Security & Compliance Regulations

Security & Compliance Built on Trust. Genea Access Control and Visitor Management customers at more than 1,800 sites across 24 countries trust Genea with their security. With up-to-date data security, we have helped everyone from startups to Fortune 50 enterprises succeed in keeping their information safe in an ever-changing world of security. See what we can do for you.

System & Organization Controls

SOC 2 is a set of security controls created by The American Institute of Certified Public Accountants (AICPA). Genea has achieved compliance, meaning your data is stays safe and secure. For customers that would like a copy of our SOC2 Type II report, please contact us.

General Data Protection Regulation (GDPR)

The General Data Protection Regulation (GDPR) governs data protection and privacy for all individuals and citizens of the European Union (EU) and European Economic Area. Genea complies with GDPR, Penetration Testing is also performed regularly. Through this testing, Genea scrupulously evaluates its IT infrastructure by safely exploiting its vulnerabilities.

California Consumer Protection Act (CCPA)

The CCPA is California’s version of the GDPR implemented in the European Union (see above).  Genea follows CCPA regulations, so consumers know how their data is collected, used and stored.

Underwriter Laboratories (UL)

Underwriter Laboratories is a safety organization that sets industry-wide standards on new products and continually checks these products to ensure compliance. The UL-listed icon signifies thorough testing of a product against safety standards, including fire and electric shock. To view all hardware with the UL certification, visit the UL Product IQ website.

Security Features & Processes

Security Features & Processes

Network Segmentation & Role-Based Access Control

To improve cybersecurity, Genea employs strict network segmentation and isolation of environments and services in place. We use Separation of Environments, Network Segregation, Segregation of Duties and strict role-based access control on a documented, authorized and need-to-use basis. We use key management services to limit access to information.

Data in Transit

Genea makes sure all communication between their software and servers stays protected. The security uses 256-bit-encrypted HTTPS protocol — TLS (Transport Layer Security) 1.2 and above. Anyone or anything, including a supercomputer that attempts to pry, may take years to crack the decryption combination.

Data in Rest

Genea use AWS encrypted database instances and backups which are encrypted using industry standard AES-256 bit encryption at rest.

SAML-Based SSO

Authenticate with and access Genea applications with SAML 2.0 compliant, single sign-on (SSO).

Two-Factor Authentication

Configure two-factor authentication to add an extra layer of security used to make sure that people trying to gain access to an account are who they say they are.

Cloud Infrastructure

Our infrastructure incorporates best practices from the Amazon Web Services (AWS) Adoption Framework, giving you optimal security.

Host Security

Genea’s host security includes industry-leading anti-virus, anti-malware, intrusion prevention systems and intrusion detection systems.

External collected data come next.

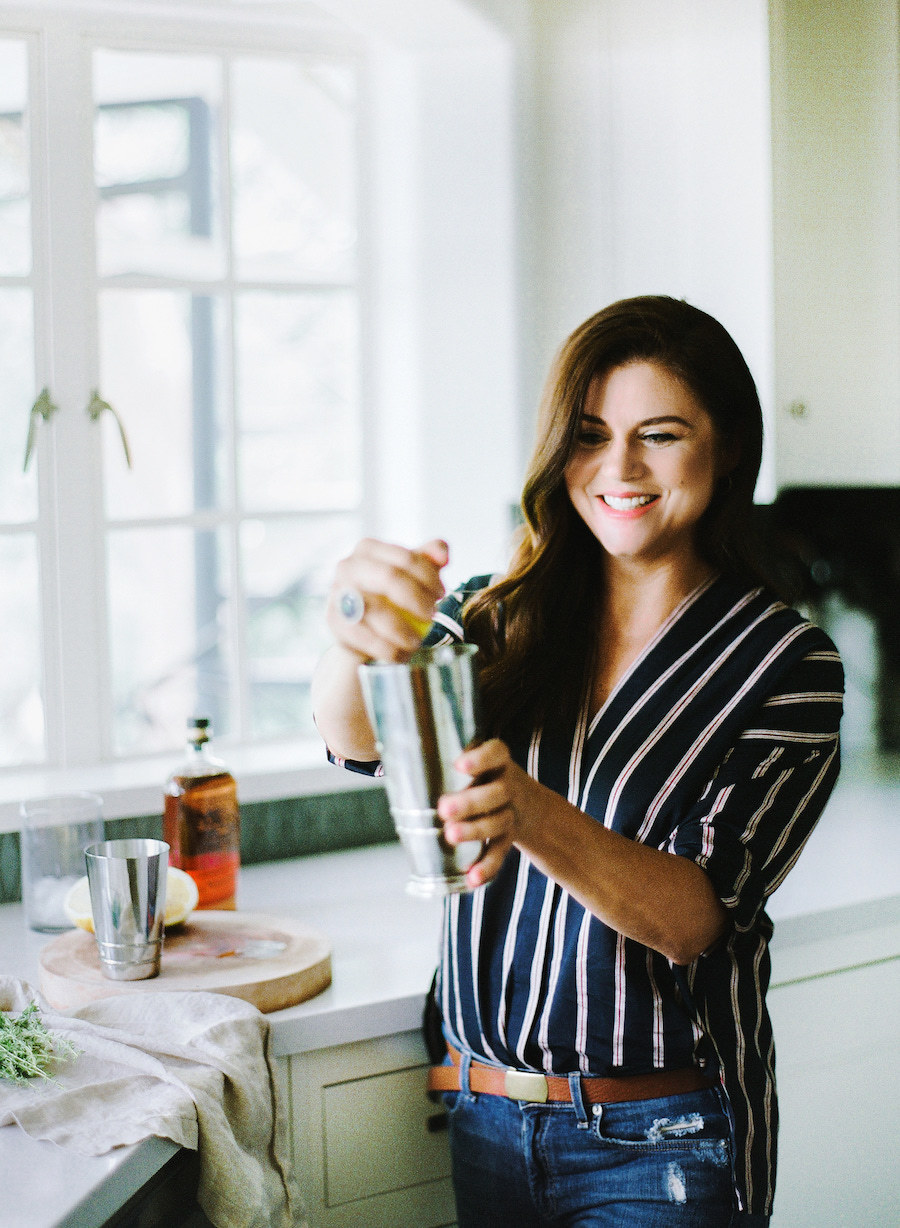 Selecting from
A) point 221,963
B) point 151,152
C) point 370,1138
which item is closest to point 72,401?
point 151,152

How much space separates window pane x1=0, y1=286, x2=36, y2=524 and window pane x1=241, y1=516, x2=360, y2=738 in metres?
0.38

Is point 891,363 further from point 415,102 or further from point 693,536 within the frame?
point 415,102

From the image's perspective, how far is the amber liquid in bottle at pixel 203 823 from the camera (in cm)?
167

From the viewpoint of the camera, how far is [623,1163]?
3.92 feet

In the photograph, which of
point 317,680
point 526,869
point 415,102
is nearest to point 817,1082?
point 526,869

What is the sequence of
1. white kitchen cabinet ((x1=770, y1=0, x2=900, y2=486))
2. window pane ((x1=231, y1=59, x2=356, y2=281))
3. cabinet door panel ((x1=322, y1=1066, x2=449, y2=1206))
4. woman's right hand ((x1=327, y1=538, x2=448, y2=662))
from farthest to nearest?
window pane ((x1=231, y1=59, x2=356, y2=281)) < white kitchen cabinet ((x1=770, y1=0, x2=900, y2=486)) < cabinet door panel ((x1=322, y1=1066, x2=449, y2=1206)) < woman's right hand ((x1=327, y1=538, x2=448, y2=662))

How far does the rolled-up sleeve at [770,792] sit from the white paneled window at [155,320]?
1.21m

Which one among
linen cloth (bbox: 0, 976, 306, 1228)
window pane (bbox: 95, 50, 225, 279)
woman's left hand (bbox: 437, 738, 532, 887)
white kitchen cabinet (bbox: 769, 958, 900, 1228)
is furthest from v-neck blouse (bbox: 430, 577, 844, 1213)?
window pane (bbox: 95, 50, 225, 279)

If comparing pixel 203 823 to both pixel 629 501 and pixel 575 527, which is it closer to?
pixel 575 527

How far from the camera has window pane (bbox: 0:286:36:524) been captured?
81.4 inches

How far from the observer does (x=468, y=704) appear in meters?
0.80

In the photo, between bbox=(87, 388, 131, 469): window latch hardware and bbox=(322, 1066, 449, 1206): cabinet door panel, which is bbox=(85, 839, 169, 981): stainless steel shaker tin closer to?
bbox=(322, 1066, 449, 1206): cabinet door panel

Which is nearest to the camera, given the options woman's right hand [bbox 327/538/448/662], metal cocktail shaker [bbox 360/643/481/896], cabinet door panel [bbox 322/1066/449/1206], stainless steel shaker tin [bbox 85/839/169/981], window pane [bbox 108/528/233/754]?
metal cocktail shaker [bbox 360/643/481/896]

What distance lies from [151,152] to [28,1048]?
1.97m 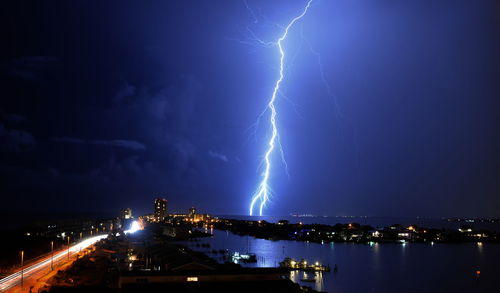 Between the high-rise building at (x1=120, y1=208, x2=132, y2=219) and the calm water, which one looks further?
the high-rise building at (x1=120, y1=208, x2=132, y2=219)

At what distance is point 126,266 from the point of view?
24359 millimetres

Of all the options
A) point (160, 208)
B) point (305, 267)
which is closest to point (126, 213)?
point (160, 208)

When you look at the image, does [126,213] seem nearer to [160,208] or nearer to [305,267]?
[160,208]


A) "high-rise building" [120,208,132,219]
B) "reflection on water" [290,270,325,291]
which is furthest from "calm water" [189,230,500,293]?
"high-rise building" [120,208,132,219]

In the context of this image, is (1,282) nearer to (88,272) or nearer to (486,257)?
(88,272)

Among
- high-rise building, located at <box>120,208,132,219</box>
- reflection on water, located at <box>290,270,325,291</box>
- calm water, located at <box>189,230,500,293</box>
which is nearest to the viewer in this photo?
reflection on water, located at <box>290,270,325,291</box>

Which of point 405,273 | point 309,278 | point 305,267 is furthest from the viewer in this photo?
point 405,273

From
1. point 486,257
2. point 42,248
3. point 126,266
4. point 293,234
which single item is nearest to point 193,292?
point 126,266

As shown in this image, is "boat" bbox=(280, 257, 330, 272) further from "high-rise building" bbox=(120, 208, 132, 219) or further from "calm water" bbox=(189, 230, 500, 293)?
"high-rise building" bbox=(120, 208, 132, 219)

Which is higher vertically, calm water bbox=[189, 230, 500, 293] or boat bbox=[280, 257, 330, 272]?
boat bbox=[280, 257, 330, 272]

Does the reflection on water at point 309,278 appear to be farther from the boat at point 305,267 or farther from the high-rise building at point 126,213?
the high-rise building at point 126,213

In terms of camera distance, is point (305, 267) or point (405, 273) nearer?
point (305, 267)

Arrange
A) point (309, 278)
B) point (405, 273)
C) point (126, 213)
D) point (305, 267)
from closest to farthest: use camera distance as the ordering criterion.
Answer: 1. point (309, 278)
2. point (305, 267)
3. point (405, 273)
4. point (126, 213)

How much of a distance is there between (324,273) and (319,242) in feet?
103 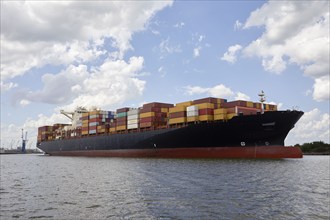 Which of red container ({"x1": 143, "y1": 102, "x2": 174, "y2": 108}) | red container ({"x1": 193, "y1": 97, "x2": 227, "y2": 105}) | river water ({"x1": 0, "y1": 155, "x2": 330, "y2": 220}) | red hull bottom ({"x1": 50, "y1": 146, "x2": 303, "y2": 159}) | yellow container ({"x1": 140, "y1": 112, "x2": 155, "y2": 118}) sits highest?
red container ({"x1": 143, "y1": 102, "x2": 174, "y2": 108})

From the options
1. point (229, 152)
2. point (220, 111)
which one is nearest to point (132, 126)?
point (220, 111)

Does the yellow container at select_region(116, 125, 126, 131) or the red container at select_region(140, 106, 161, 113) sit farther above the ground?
the red container at select_region(140, 106, 161, 113)

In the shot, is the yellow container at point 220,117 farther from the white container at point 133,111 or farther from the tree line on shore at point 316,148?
the tree line on shore at point 316,148

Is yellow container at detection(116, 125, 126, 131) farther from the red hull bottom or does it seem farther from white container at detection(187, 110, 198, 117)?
white container at detection(187, 110, 198, 117)

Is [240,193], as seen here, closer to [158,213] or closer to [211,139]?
[158,213]

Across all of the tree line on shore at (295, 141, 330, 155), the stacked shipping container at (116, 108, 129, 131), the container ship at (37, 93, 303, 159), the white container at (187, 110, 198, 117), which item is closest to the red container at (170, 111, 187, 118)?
the container ship at (37, 93, 303, 159)

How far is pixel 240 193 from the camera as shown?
53.3ft

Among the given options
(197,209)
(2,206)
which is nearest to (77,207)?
(2,206)

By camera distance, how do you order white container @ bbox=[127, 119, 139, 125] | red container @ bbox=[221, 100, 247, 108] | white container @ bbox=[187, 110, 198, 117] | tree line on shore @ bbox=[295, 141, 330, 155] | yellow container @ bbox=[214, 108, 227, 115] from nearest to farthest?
yellow container @ bbox=[214, 108, 227, 115]
red container @ bbox=[221, 100, 247, 108]
white container @ bbox=[187, 110, 198, 117]
white container @ bbox=[127, 119, 139, 125]
tree line on shore @ bbox=[295, 141, 330, 155]

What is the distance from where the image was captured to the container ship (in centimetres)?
4094

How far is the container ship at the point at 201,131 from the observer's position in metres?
40.9

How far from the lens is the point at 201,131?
145ft

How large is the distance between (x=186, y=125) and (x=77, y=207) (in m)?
33.8

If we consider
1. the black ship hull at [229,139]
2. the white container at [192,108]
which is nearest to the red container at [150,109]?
the black ship hull at [229,139] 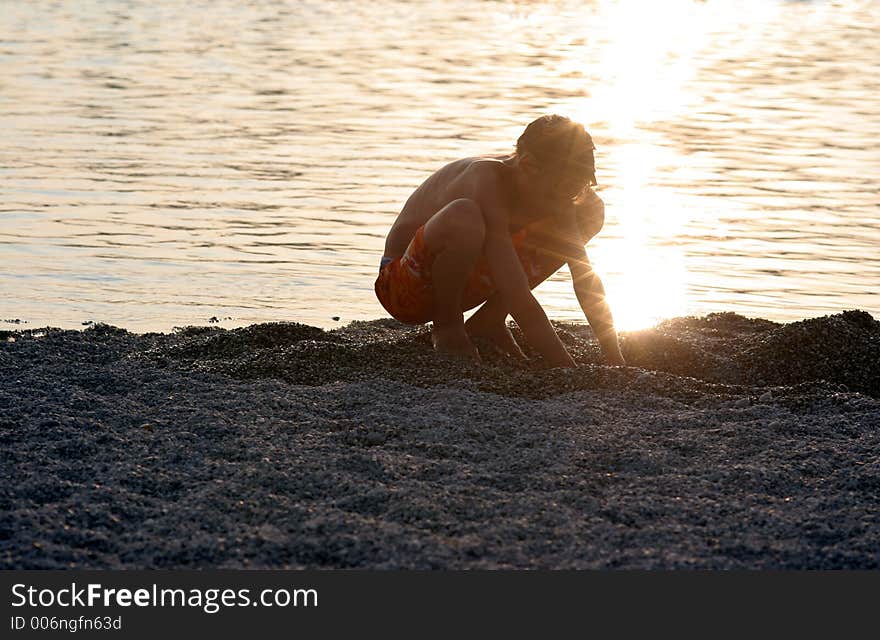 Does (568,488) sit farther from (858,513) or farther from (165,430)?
(165,430)

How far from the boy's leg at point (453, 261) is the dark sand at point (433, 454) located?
0.47ft

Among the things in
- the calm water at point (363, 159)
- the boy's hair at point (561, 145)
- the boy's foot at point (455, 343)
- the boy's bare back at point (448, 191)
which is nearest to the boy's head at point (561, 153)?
the boy's hair at point (561, 145)

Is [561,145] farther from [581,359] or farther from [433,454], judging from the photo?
[433,454]

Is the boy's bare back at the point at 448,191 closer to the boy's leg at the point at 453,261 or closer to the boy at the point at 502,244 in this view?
the boy at the point at 502,244

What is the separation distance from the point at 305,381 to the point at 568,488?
143cm

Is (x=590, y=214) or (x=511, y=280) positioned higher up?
(x=590, y=214)

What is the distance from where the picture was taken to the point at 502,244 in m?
4.93

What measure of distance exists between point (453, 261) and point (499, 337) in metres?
0.61

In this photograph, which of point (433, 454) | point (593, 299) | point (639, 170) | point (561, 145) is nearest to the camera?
point (433, 454)

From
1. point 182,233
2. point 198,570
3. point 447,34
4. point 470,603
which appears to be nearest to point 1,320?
point 182,233

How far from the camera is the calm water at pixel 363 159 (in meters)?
6.91

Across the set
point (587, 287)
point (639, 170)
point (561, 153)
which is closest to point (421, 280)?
point (587, 287)

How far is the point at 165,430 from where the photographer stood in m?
4.23

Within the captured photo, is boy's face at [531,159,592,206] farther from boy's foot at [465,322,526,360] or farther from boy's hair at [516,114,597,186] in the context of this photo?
boy's foot at [465,322,526,360] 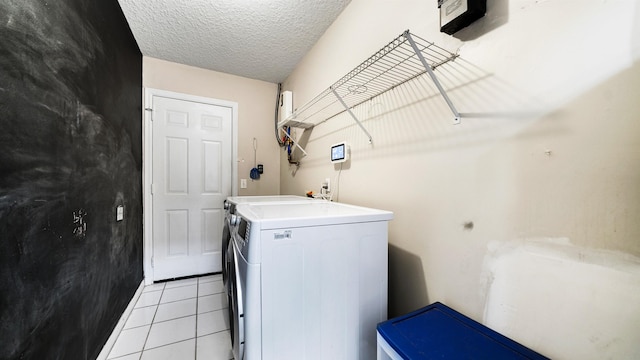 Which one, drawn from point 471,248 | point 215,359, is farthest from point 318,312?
point 215,359

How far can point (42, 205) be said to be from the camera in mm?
910

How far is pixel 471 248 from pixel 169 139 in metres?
3.04

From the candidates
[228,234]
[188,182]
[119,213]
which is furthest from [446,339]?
[188,182]

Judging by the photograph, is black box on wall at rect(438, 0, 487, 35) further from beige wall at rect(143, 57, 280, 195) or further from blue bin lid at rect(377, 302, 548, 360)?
beige wall at rect(143, 57, 280, 195)

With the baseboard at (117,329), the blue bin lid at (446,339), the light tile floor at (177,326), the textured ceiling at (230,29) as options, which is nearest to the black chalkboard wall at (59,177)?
the baseboard at (117,329)

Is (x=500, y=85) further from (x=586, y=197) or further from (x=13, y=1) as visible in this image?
(x=13, y=1)

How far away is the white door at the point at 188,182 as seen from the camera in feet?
8.53

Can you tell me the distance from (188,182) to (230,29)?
68.9 inches

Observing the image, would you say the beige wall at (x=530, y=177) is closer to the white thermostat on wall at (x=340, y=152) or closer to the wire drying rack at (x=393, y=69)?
the wire drying rack at (x=393, y=69)

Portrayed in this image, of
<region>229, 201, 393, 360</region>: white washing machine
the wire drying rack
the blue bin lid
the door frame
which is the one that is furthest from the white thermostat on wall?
the door frame

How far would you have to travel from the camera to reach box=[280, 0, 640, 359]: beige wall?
0.59 meters

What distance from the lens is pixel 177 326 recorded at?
69.2 inches

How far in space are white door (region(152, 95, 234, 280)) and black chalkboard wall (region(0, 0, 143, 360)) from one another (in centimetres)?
82

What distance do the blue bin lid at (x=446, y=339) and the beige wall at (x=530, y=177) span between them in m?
0.07
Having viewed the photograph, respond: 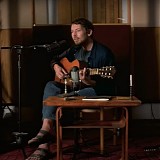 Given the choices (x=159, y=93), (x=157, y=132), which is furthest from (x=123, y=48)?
(x=157, y=132)

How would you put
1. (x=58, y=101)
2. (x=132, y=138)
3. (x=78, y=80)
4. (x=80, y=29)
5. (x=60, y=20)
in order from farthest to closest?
(x=60, y=20)
(x=132, y=138)
(x=80, y=29)
(x=78, y=80)
(x=58, y=101)

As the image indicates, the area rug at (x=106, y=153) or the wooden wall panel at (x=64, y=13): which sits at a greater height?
the wooden wall panel at (x=64, y=13)

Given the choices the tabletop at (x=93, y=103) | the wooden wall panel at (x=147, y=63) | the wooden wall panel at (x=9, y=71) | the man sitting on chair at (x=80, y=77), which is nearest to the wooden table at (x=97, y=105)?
the tabletop at (x=93, y=103)

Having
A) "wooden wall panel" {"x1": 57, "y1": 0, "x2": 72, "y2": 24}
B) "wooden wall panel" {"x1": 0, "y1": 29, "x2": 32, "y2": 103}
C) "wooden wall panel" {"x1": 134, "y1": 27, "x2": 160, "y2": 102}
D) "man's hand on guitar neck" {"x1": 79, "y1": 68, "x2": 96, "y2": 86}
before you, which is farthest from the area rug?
"wooden wall panel" {"x1": 57, "y1": 0, "x2": 72, "y2": 24}

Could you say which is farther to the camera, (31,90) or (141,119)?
(141,119)

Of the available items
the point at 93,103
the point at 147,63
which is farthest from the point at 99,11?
A: the point at 93,103

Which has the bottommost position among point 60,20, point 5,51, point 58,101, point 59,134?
point 59,134

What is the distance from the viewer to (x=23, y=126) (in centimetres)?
389

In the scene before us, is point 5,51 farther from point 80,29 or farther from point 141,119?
point 141,119

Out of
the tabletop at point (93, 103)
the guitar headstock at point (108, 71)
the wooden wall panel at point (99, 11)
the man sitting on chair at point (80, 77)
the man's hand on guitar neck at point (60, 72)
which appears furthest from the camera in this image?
the wooden wall panel at point (99, 11)

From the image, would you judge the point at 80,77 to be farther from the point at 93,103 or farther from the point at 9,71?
the point at 9,71

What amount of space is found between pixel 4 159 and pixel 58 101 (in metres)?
0.82

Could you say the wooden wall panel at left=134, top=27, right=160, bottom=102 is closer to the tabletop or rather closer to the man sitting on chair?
the man sitting on chair

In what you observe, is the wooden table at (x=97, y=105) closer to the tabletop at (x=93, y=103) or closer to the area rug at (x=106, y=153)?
the tabletop at (x=93, y=103) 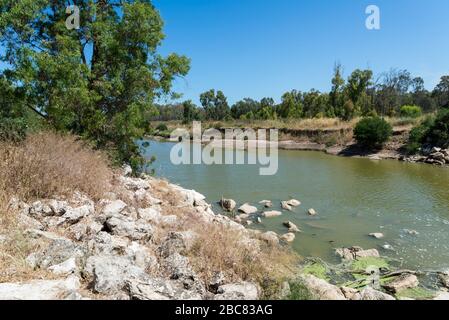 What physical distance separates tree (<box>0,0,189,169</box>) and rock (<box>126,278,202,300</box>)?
18.3 feet

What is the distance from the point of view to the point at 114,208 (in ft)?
17.9

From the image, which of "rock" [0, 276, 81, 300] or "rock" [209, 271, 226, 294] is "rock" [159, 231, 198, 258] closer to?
"rock" [209, 271, 226, 294]

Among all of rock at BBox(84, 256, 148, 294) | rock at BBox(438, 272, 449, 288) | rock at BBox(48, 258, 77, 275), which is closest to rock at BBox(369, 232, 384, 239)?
rock at BBox(438, 272, 449, 288)

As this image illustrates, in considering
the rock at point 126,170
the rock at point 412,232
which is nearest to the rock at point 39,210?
the rock at point 126,170

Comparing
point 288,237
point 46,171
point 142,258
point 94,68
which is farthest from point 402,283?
point 94,68

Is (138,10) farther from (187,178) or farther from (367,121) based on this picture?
(367,121)

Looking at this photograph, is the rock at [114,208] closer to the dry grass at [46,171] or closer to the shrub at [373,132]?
the dry grass at [46,171]

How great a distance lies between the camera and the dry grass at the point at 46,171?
4750 millimetres

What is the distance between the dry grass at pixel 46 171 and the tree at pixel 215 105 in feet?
176

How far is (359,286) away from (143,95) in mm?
6896

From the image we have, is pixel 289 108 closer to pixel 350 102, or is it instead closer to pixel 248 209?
pixel 350 102

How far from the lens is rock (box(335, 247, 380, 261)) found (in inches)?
268

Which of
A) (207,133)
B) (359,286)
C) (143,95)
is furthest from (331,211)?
(207,133)

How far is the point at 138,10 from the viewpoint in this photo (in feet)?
27.4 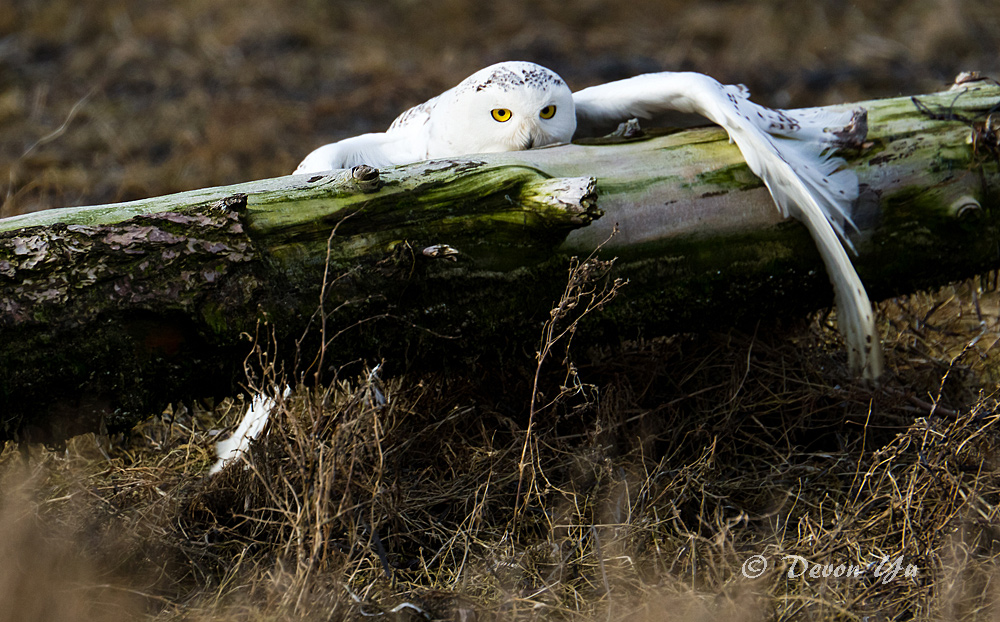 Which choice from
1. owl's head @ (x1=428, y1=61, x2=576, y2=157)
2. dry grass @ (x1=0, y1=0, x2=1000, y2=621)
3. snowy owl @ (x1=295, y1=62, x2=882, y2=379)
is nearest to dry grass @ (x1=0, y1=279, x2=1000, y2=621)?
dry grass @ (x1=0, y1=0, x2=1000, y2=621)

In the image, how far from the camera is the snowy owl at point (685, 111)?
229 centimetres

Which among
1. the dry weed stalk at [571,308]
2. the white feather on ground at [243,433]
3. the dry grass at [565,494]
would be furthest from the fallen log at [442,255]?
the white feather on ground at [243,433]

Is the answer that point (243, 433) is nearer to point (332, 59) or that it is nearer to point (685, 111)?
point (685, 111)

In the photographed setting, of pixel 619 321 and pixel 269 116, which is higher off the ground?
pixel 269 116

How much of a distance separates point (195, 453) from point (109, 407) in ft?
2.89

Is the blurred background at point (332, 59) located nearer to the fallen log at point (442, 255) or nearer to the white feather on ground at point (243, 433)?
the white feather on ground at point (243, 433)

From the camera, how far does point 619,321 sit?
2227 mm

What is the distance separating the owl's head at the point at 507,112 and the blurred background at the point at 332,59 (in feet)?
9.47

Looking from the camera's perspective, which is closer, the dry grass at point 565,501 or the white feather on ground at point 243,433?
the dry grass at point 565,501

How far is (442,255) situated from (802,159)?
46.3 inches

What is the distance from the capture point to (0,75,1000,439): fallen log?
1779 mm

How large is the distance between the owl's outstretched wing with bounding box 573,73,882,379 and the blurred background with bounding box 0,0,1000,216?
3343 millimetres

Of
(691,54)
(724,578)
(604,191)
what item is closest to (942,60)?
(691,54)

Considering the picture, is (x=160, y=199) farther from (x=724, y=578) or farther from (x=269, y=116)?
(x=269, y=116) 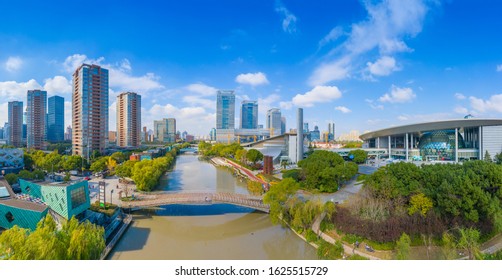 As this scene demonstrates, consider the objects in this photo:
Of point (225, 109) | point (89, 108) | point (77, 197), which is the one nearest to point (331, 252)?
point (77, 197)

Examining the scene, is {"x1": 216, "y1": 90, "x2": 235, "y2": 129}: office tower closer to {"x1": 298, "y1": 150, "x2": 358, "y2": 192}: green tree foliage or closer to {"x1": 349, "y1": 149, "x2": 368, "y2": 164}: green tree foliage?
{"x1": 349, "y1": 149, "x2": 368, "y2": 164}: green tree foliage

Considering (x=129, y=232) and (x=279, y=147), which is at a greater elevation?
(x=279, y=147)

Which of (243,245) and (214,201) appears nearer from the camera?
(243,245)

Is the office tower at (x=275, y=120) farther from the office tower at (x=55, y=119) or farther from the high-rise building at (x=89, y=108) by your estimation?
the office tower at (x=55, y=119)

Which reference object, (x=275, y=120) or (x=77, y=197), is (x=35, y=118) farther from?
(x=275, y=120)

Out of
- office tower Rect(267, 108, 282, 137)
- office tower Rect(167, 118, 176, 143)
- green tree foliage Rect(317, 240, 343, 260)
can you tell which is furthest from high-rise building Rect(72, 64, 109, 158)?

Vulnerability Assessment & Penetration Testing

Genea selects an external vendor to target the assets of our software which are visible on the internet.  The external assessor inspects the entire software using various techniques such as cross-site scripting, SQL injection and backdoors etc. Genea also employs an in-house network security team who run manual and automated vulnerability assessment and penetration tests time to time to ensure that we follow the OWSP top10. Our networks are continuously being monitored by industry leading products.

Incident & Change Management

Genea has an aggressive stance on Incident Management when it comes to system downtime and Security and Network Operations. We have an Information Security Management System that quickly reacts, remediates or escalates any incidents arising out of planned or unplanned changes.